What this task involves>
Your copy should repeat each record below exactly and contain no images.

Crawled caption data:
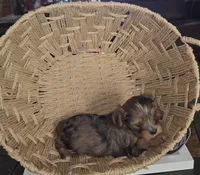 Female 5, a female Yorkshire Terrier for sale in Greeneville, TN – 1 of 2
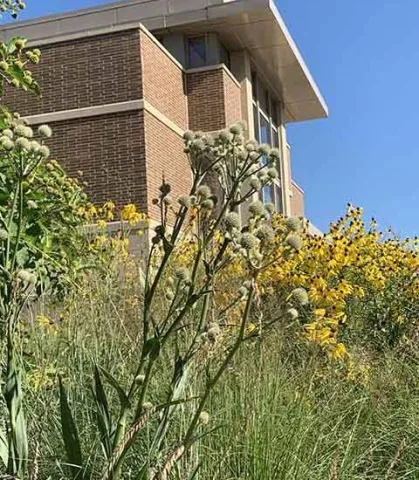 native prairie flowers and library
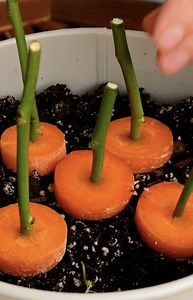 Ready, Set… Grow! The Planting Season Starts Now! | 5-Minute Recycle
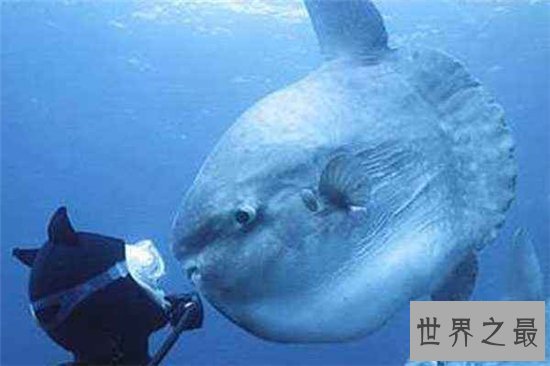 翻车鱼拥有霸王级体型，五官却小的很不协调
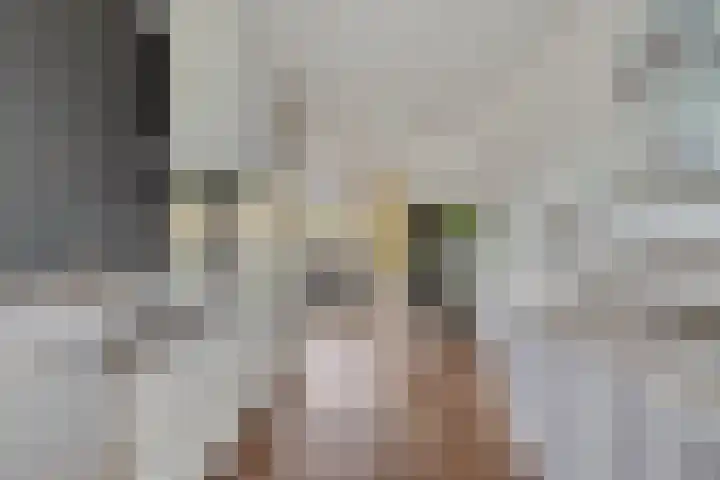 Grasperk 8 Eindhoven thumbnail 17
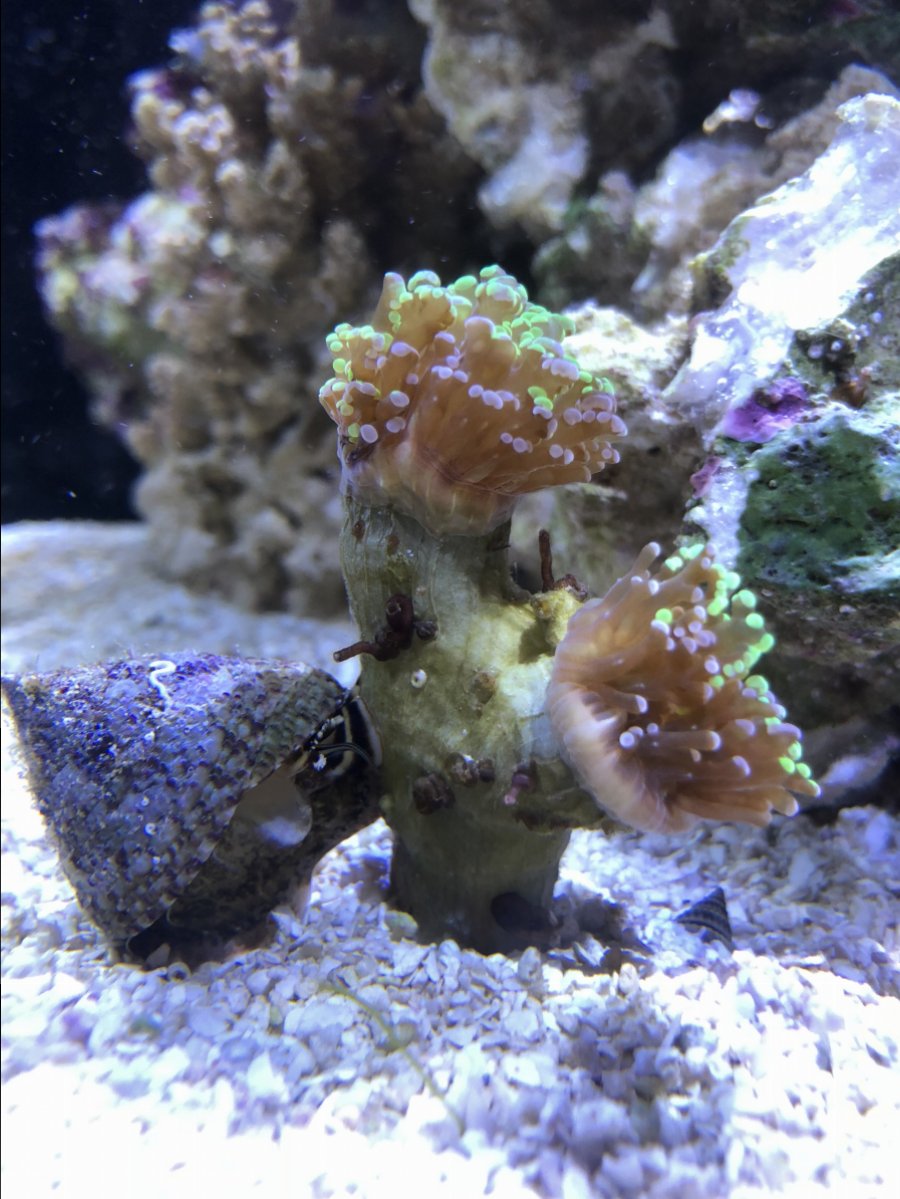 Vermetid Snail Or Tube Worm Reef2reef Saltwater And Reef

Reply to the exercise>
 Female 5, a female Yorkshire Terrier for sale in Greeneville, TN – 1 of 2
 native prairie flowers and library
 Ready, Set… Grow! The Planting Season Starts Now! | 5-Minute Recycle
 翻车鱼拥有霸王级体型，五官却小的很不协调
 Grasperk 8 Eindhoven thumbnail 17
 Vermetid Snail Or Tube Worm Reef2reef Saltwater And Reef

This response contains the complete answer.